In this hands-on lab, you will learn how to:

• Understand User Defined Routes (UDRs) and their purpose in Azure networking
• Create and configure route tables to control network traffic flow
• Troubleshoot routing issues using Azure portal tools
• Implement custom routing scenarios with network virtual appliances
• Use effective routes to diagnose routing problems
• Fix misconfigured static routes that break connectivity

Scenario: Your application VM cannot reach external resources due to a misconfigured static route pointing to an incorrect gateway IP address.
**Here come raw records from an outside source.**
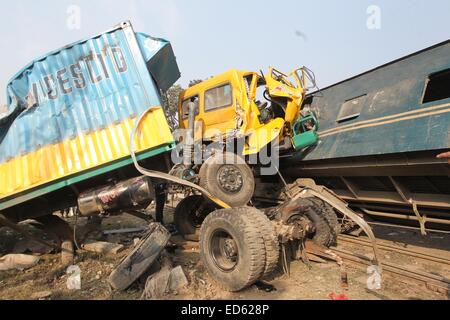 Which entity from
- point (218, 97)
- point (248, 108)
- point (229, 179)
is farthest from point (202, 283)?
point (218, 97)

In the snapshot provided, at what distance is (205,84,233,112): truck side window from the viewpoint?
17.7ft

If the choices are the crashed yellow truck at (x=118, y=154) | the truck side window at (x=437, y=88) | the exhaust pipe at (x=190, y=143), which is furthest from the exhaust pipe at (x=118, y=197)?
the truck side window at (x=437, y=88)

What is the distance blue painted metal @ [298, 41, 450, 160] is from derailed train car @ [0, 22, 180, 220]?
2839 millimetres

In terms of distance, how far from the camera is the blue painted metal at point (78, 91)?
4430 millimetres

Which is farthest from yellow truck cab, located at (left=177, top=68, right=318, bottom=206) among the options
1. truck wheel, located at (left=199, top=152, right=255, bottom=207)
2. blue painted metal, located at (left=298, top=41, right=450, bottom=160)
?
blue painted metal, located at (left=298, top=41, right=450, bottom=160)

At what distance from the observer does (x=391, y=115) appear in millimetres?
4227

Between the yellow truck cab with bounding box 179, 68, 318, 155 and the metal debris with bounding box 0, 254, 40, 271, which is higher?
the yellow truck cab with bounding box 179, 68, 318, 155

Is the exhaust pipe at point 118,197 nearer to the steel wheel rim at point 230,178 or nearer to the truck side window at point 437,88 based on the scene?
the steel wheel rim at point 230,178

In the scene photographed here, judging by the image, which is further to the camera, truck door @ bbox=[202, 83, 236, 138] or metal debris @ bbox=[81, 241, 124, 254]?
truck door @ bbox=[202, 83, 236, 138]

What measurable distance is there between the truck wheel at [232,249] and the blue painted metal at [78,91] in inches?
84.3

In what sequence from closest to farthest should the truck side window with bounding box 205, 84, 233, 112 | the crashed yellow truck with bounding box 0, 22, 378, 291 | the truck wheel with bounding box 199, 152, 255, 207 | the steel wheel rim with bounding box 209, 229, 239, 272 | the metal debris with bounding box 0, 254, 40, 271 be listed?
1. the steel wheel rim with bounding box 209, 229, 239, 272
2. the crashed yellow truck with bounding box 0, 22, 378, 291
3. the truck wheel with bounding box 199, 152, 255, 207
4. the metal debris with bounding box 0, 254, 40, 271
5. the truck side window with bounding box 205, 84, 233, 112

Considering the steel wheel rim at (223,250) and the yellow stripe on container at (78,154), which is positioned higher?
the yellow stripe on container at (78,154)

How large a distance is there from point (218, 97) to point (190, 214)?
8.36 ft

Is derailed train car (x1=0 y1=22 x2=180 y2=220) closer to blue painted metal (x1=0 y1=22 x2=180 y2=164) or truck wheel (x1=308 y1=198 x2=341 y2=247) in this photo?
blue painted metal (x1=0 y1=22 x2=180 y2=164) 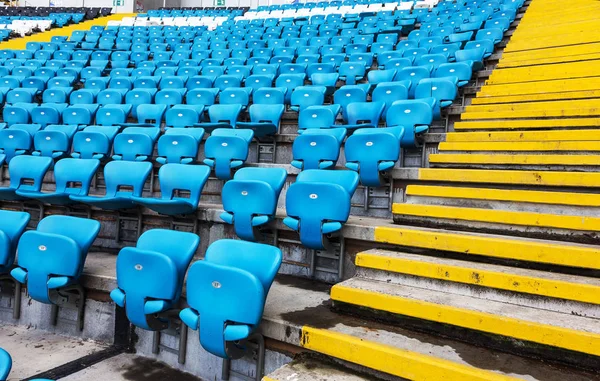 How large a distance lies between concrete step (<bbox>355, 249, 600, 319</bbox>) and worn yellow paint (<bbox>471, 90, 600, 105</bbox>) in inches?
97.4

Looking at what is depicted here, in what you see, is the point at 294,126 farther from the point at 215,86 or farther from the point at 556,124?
the point at 556,124

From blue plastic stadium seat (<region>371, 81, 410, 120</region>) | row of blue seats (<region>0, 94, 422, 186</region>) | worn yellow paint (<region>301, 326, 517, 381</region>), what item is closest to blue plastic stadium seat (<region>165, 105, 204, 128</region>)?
row of blue seats (<region>0, 94, 422, 186</region>)

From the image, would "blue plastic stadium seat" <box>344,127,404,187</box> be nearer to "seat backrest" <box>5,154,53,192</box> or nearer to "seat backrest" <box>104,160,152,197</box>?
"seat backrest" <box>104,160,152,197</box>

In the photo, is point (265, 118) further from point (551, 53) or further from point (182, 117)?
point (551, 53)

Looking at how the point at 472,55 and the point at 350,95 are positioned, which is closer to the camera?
the point at 350,95

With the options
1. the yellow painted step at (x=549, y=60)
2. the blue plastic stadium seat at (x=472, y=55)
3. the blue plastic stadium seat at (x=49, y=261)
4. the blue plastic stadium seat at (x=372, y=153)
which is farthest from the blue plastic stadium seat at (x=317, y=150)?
the blue plastic stadium seat at (x=472, y=55)

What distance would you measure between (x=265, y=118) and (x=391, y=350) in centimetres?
305

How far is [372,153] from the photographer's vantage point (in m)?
2.96

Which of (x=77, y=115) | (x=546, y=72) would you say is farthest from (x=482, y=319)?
(x=77, y=115)

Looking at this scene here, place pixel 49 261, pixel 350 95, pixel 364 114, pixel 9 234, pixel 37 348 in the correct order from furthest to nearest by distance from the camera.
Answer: pixel 350 95 < pixel 364 114 < pixel 9 234 < pixel 37 348 < pixel 49 261

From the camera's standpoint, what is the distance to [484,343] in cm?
166

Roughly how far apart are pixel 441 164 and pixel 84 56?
7298 mm

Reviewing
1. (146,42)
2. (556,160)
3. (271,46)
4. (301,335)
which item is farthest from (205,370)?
(146,42)

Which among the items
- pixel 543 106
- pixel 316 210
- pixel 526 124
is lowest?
pixel 316 210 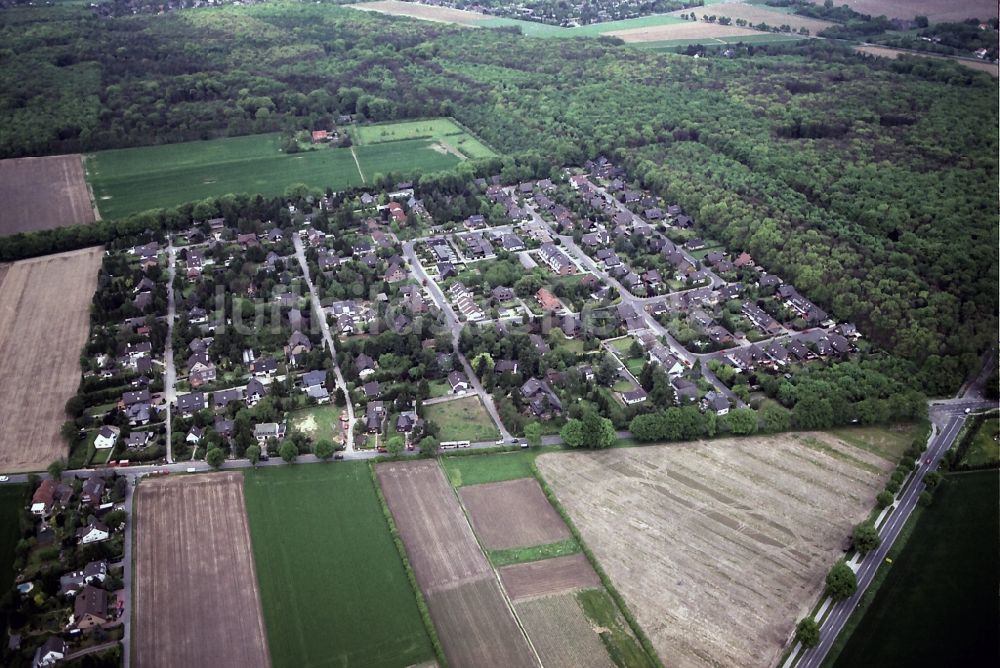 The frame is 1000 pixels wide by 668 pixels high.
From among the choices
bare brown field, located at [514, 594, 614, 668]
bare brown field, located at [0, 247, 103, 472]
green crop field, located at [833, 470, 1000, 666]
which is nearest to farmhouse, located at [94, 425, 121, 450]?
bare brown field, located at [0, 247, 103, 472]

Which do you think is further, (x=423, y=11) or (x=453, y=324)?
(x=423, y=11)

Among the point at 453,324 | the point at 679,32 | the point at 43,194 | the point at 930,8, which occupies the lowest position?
the point at 453,324

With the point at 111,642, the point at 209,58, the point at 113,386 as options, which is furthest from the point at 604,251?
the point at 209,58

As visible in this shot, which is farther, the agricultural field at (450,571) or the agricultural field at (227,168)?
the agricultural field at (227,168)

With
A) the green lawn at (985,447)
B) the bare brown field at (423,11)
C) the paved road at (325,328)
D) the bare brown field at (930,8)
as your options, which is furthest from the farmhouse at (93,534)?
the bare brown field at (930,8)

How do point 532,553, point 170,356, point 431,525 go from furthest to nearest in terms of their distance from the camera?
point 170,356 < point 431,525 < point 532,553

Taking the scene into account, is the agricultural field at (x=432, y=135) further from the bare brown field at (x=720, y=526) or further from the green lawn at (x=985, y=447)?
the green lawn at (x=985, y=447)

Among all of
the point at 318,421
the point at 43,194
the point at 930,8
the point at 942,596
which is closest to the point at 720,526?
the point at 942,596

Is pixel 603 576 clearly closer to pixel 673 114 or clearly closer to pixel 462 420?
pixel 462 420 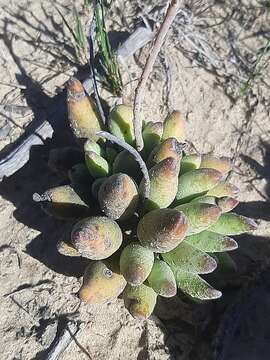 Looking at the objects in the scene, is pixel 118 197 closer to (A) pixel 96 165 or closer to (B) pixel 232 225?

You need to diagnose and fix the routing issue.

---

🏗️ Pre-Provisioned Environment

The following Azure resources have been pre-deployed with intentional misconfigurations:

Resource Overview

Resource Type	Resource Name	Configuration	Purpose
Resource Group	StaticRoute-Lab-RG	Contains all lab resources	Logical container
Virtual Network	RouteLabVNet	Address space: 10.0.0.0/16	Network foundation
App Subnet	AppSubnet	Range: 10.0.1.0/24	Application tier
Gateway Subnet	GatewaySubnet	Range: 10.0.2.0/24	Network gateway tier
App VM	AppVM	Windows Server 2019	Application server
Gateway VM	GatewayVM	Ubuntu with IP forwarding	Network virtual appliance
Route Table	AppSubnet-RouteTable	Misconfigured routes	Custom routing

Network Architecture

RouteLabVNet (10.0.0.0/16)
├── AppSubnet (10.0.1.0/24)
│   └── AppVM (Windows Server)
│       └── Route Table (❌ Incorrect next hop)
└── GatewaySubnet (10.0.2.0/24)
    └── GatewayVM (Ubuntu NVA)
        └── IP: 10.0.2.4 (Correct gateway)

Route Table Issue:
├── Route: 0.0.0.0/0 → 10.0.2.100 (❌ Wrong IP)
└── Should be: 0.0.0.0/0 → 10.0.2.4 (✅ Correct IP)

VM Details

VM	Private IP	Public IP	Operating System	Role
AppVM	10.0.1.4	Dynamic	Windows Server 2019	Application server
GatewayVM	10.0.2.4	Dynamic	Ubuntu 20.04 LTS	Network virtual appliance

---

🚀 Lab Tasks

Task 1: Verify Connectivity Issue

Step 1: Connect to Application VM

1. Navigate to StaticRoute-Lab-RG resource group
2. Click on AppVM
3. Click Connect → RDP
4. Use credentials:
   • Username: azureuser
   • Password: LabPassword123!

Step 2: Test Network Connectivity

Once connected to AppVM, open Command Prompt and run:

# Test connectivity to GatewayVM
ping 10.0.2.4

# Test internet connectivity (should fail due to routing)
ping 8.8.8.8

# Test DNS resolution
nslookup google.com

# Check local routing table
route print

Step 3: Document the Issue

Expected Behavior:

• ❌ Ping to GatewayVM (10.0.2.4) should fail or timeout
• ❌ Internet connectivity should fail
• ❌ External DNS resolution may fail
• ✅ Local subnet connectivity should work

📝 Note: Record specific error messages and response times for analysis.

---

Task 2: Inspect Route Table Configuration

Step 1: Navigate to Route Table

1. In Azure Portal, go to StaticRoute-Lab-RG
2. Click on AppSubnet-RouteTable
3. In the left menu, click Routes

Step 2: Analyze Current Routes

Examine the configured routes:

Route Name	Address Prefix	Next Hop Type	Next Hop IP	Status
Default-Route	0.0.0.0/0	Virtual Appliance	10.0.2.100	❌ Incorrect
Local-VNet	10.0.0.0/16	VNet Local	-	✅ Correct

Step 3: Identify the Problem

Issues to look for:

• Next Hop IP: Is 10.0.2.100 the correct IP?
• Actual Gateway IP: GatewayVM is at 10.0.2.4
• Route Priority: Are there conflicting routes?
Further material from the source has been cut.